Wer ein Auto hat, ist etwas besser dran – hier wirkt die Fahrgastzelle zugleich wie ein Faradayscher Käfig, der Werbung draußen abblitzen lässt.
Außer man fährt auf eine Straßenecke zu, an der dann unweigerlich MATRATZEN CONCORD einen Eckladen gemietet hat.
Fußgänger kaufen selten Matratzen – deshalb werden Matratzenläden IMMER in Eckläden angemietet, weil der Laden hier besser gesehen wird, als im Vorbeifahren.

Parkraumbewirtschaftung in Prenzlauer Berg: Kulturwerbung für Kreuzberg
Parkraumbewirtschaftung in Prenzlauer Berg: Kulturwerbung für Kreuzberg – fotografiert in der Saarbrücker Strasse am 19. Juni 2013
Wo Autofahrer hinsehen müssen

In Pankow gibt es hunderte Säulen, zu denen Autofahrer „hin müssen“ – wenn sie ihre preußisch-elektronische Parkgebührenpflicht verrichten müssen. Jene die morgens nur die Vorderseite des Automaten sehen, werden schon am Abend die Rückseite sehen.

Die blauen Parkgebührenautoma- ten der Parkraumbewirtschaftung sind daher unweigerlich im Blickfeld.

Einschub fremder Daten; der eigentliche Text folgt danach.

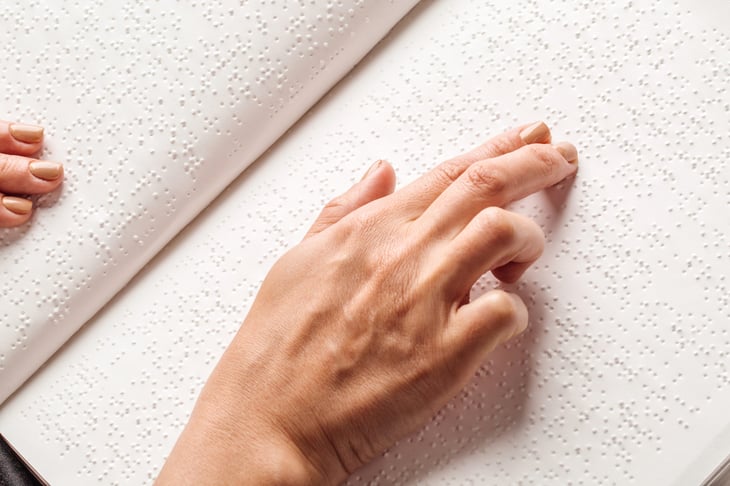 Blind person reading a book in braille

Als Zettelkästen, Kunstautomaten und als Angriffs-Objekt für Bürgerunwillen sind die Automaten schon ins Rampenlicht gerückt worden. Und an manchen Standorten haben sich Anwohner trickreich gegen die Aufstellung der neuen „Parkraumsäulen“ zur Wehr gesetzt. Erst wurden Halteverbotsschilder geklaut, auch wurden ausgehobene Löcher wieder zugepflastert. Immer wieder werden die Bedienfelder ramponiert oder beklebt. Ein ständiger Kostenfaktor für Wartung, Reinigung und Reparatur.

Eine innovative Idee kommt aus dem Szenebezirk Kreuzberg-Friedrichshain – und wandelt die Parkschein-Automaten eigennützig um.

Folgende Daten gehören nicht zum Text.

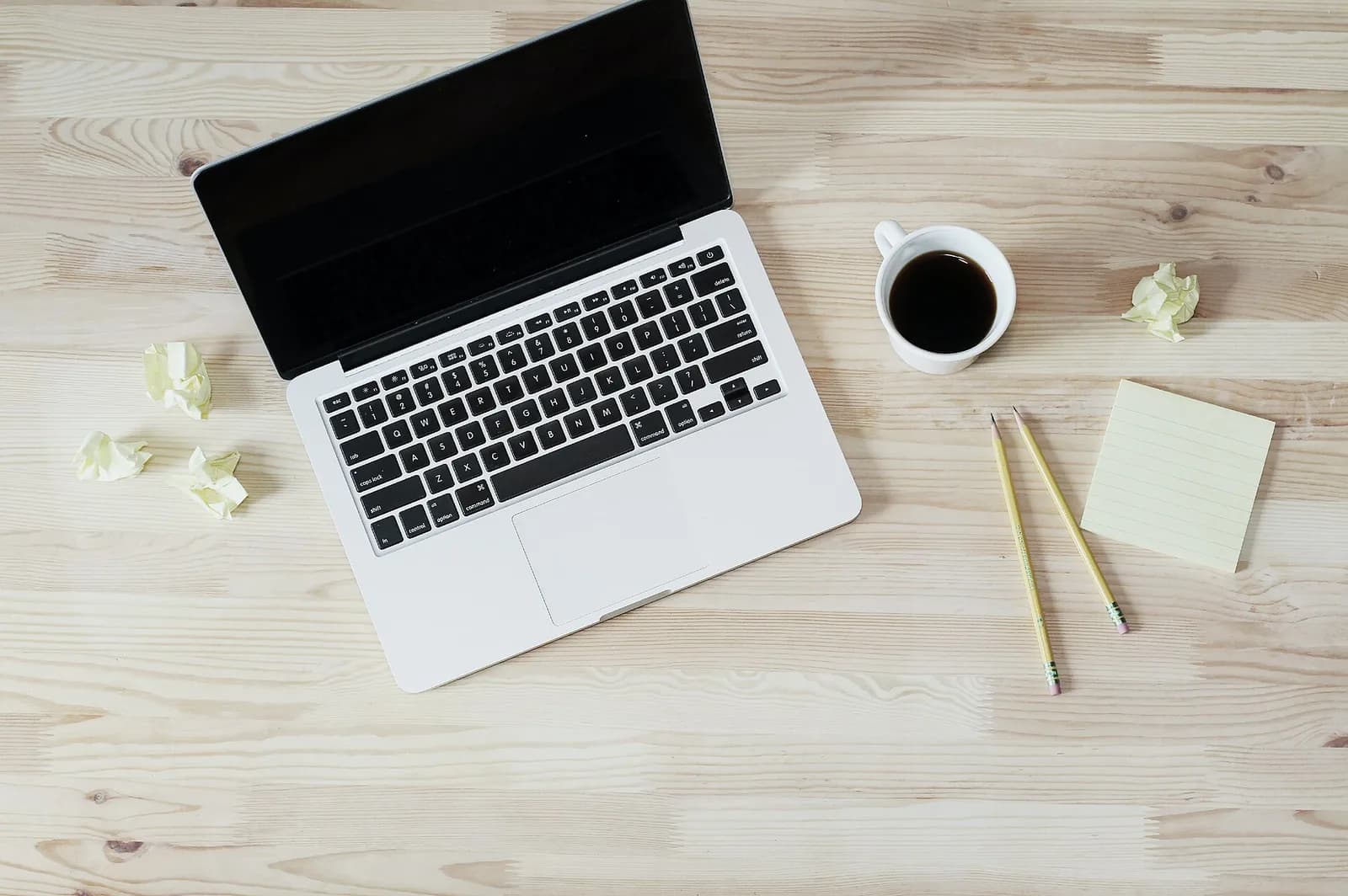 A laptop and coffee on a desk, a real photo illustrating business website preparation.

Kulturautomaten in Prenzlauer Berg

Gefördert von zitty und taz hat das SO 36 eigens für die Rückseite der Pankower Parkscheinautomaten Programmplakate entwickelt, die in zunehmender Zahl ohne Genehmigung verklebt werden.

Ein ganzes Monatsprogramm passt auf so einen Parkschein-Automaten – ein geldwerter Werbevorteil entsteht.

Statt 7 € Tagesgebühren, klebt das Plakat kostenfrei. Es lockt Besucher, 100 Plakate sorgen sicher für einen rechenbaren Besuchertransfer von Prenzlauer Berg nach Kreuzberg. Auch wird das SO36 so wieder stadtbekannt – und mausert sich zur Berlin-Attraktion – auf Kosten des Kulturbezirks Pankow.

Was für eine herrliche Idee, könnte sie doch die knappen Kulturfinanzen in Pankow beachtlich aufstocken.

Leider sind der zuständige Kulturstadtrat und der für das Ordnungsamt und die Straßenverkehrsbehörde zuständige Stadtrat in Personalunion noch völlig überlastet. Die logistische Meisterleistung der Erweiterung der Parkraumbewirtschaftung musste erst vordringlich bewältigt werden.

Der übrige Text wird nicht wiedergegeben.